_Source material_

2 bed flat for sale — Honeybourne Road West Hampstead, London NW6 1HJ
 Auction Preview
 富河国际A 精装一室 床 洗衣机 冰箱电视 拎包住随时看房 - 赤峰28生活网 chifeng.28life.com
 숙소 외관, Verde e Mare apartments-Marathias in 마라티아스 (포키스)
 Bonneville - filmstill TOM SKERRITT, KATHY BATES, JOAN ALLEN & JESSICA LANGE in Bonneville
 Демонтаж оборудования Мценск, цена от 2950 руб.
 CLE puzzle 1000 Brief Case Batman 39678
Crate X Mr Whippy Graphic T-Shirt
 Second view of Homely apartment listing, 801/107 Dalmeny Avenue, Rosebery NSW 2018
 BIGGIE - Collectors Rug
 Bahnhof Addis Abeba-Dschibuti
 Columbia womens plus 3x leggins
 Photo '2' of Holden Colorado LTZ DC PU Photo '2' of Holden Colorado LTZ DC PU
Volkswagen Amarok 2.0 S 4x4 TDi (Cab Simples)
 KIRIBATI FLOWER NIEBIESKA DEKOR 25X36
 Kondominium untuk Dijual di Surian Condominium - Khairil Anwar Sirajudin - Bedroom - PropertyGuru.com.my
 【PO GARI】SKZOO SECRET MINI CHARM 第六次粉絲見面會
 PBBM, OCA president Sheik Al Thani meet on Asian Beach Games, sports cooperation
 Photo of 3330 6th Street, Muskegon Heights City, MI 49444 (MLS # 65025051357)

_Problem to work on_
Lines of the listing above that hold the string "Photo" should each be copied.

_Response to the exercise_
 Photo '2' of Holden Colorado LTZ DC PU Photo '2' of Holden Colorado LTZ DC PU
 Photo of 3330 6th Street, Muskegon Heights City, MI 49444 (MLS # 65025051357)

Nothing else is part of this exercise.